(Records shown Opens)
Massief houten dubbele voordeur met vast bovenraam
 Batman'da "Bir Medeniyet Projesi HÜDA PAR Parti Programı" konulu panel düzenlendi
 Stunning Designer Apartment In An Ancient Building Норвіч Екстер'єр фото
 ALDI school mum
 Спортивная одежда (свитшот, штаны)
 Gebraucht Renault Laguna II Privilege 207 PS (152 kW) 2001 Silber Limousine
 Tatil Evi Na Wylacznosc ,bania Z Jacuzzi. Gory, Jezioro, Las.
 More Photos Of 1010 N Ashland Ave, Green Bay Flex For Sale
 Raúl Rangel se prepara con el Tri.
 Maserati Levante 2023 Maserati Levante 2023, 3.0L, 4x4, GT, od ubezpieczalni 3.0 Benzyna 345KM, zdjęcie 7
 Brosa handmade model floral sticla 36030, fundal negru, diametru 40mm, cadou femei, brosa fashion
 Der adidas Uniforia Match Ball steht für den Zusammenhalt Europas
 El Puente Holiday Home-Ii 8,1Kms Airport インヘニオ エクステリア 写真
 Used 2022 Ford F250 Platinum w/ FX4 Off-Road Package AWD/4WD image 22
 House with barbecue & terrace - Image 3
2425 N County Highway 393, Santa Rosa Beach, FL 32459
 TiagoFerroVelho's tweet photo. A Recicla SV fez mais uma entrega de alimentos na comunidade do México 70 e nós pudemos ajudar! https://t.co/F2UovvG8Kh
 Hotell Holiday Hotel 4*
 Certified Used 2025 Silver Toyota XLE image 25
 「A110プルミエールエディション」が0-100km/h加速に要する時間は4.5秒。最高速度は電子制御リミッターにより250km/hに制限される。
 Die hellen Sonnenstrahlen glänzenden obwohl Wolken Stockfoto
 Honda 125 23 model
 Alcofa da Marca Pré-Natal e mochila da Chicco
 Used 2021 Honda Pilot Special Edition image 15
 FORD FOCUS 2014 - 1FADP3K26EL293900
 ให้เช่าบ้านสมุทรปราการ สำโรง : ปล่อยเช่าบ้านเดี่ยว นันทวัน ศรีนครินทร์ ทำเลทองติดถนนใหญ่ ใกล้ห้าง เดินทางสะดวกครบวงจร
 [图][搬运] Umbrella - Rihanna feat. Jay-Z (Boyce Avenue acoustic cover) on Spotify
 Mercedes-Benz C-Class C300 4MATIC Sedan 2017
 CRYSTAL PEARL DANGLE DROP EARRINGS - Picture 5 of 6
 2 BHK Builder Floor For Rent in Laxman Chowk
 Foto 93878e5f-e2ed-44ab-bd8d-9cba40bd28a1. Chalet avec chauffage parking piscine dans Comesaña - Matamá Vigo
(Records shown Closes)
What this task involves: The records above are to be reproduced exactly, with nothing left out.

Solution to this exercise:
Massief houten dubbele voordeur met vast bovenraam
 Batman'da "Bir Medeniyet Projesi HÜDA PAR Parti Programı" konulu panel düzenlendi
 Stunning Designer Apartment In An Ancient Building Норвіч Екстер'єр фото
 ALDI school mum
 Спортивная одежда (свитшот, штаны)
 Gebraucht Renault Laguna II Privilege 207 PS (152 kW) 2001 Silber Limousine
 Tatil Evi Na Wylacznosc ,bania Z Jacuzzi. Gory, Jezioro, Las.
 More Photos Of 1010 N Ashland Ave, Green Bay Flex For Sale
 Raúl Rangel se prepara con el Tri.
 Maserati Levante 2023 Maserati Levante 2023, 3.0L, 4x4, GT, od ubezpieczalni 3.0 Benzyna 345KM, zdjęcie 7
 Brosa handmade model floral sticla 36030, fundal negru, diametru 40mm, cadou femei, brosa fashion
 Der adidas Uniforia Match Ball steht für den Zusammenhalt Europas
 El Puente Holiday Home-Ii 8,1Kms Airport インヘニオ エクステリア 写真
 Used 2022 Ford F250 Platinum w/ FX4 Off-Road Package AWD/4WD image 22
 House with barbecue & terrace - Image 3
2425 N County Highway 393, Santa Rosa Beach, FL 32459
 TiagoFerroVelho's tweet photo. A Recicla SV fez mais uma entrega de alimentos na comunidade do México 70 e nós pudemos ajudar! https://t.co/F2UovvG8Kh
 Hotell Holiday Hotel 4*
 Certified Used 2025 Silver Toyota XLE image 25
 「A110プルミエールエディション」が0-100km/h加速に要する時間は4.5秒。最高速度は電子制御リミッターにより250km/hに制限される。
 Die hellen Sonnenstrahlen glänzenden obwohl Wolken Stockfoto
 Honda 125 23 model
 Alcofa da Marca Pré-Natal e mochila da Chicco
 Used 2021 Honda Pilot Special Edition image 15
 FORD FOCUS 2014 - 1FADP3K26EL293900
 ให้เช่าบ้านสมุทรปราการ สำโรง : ปล่อยเช่าบ้านเดี่ยว นันทวัน ศรีนครินทร์ ทำเลทองติดถนนใหญ่ ใกล้ห้าง เดินทางสะดวกครบวงจร
 [图][搬运] Umbrella - Rihanna feat. Jay-Z (Boyce Avenue acoustic cover) on Spotify
 Mercedes-Benz C-Class C300 4MATIC Sedan 2017
 CRYSTAL PEARL DANGLE DROP EARRINGS - Picture 5 of 6
 2 BHK Builder Floor For Rent in Laxman Chowk
 Foto 93878e5f-e2ed-44ab-bd8d-9cba40bd28a1. Chalet avec chauffage parking piscine dans Comesaña - Matamá Vigo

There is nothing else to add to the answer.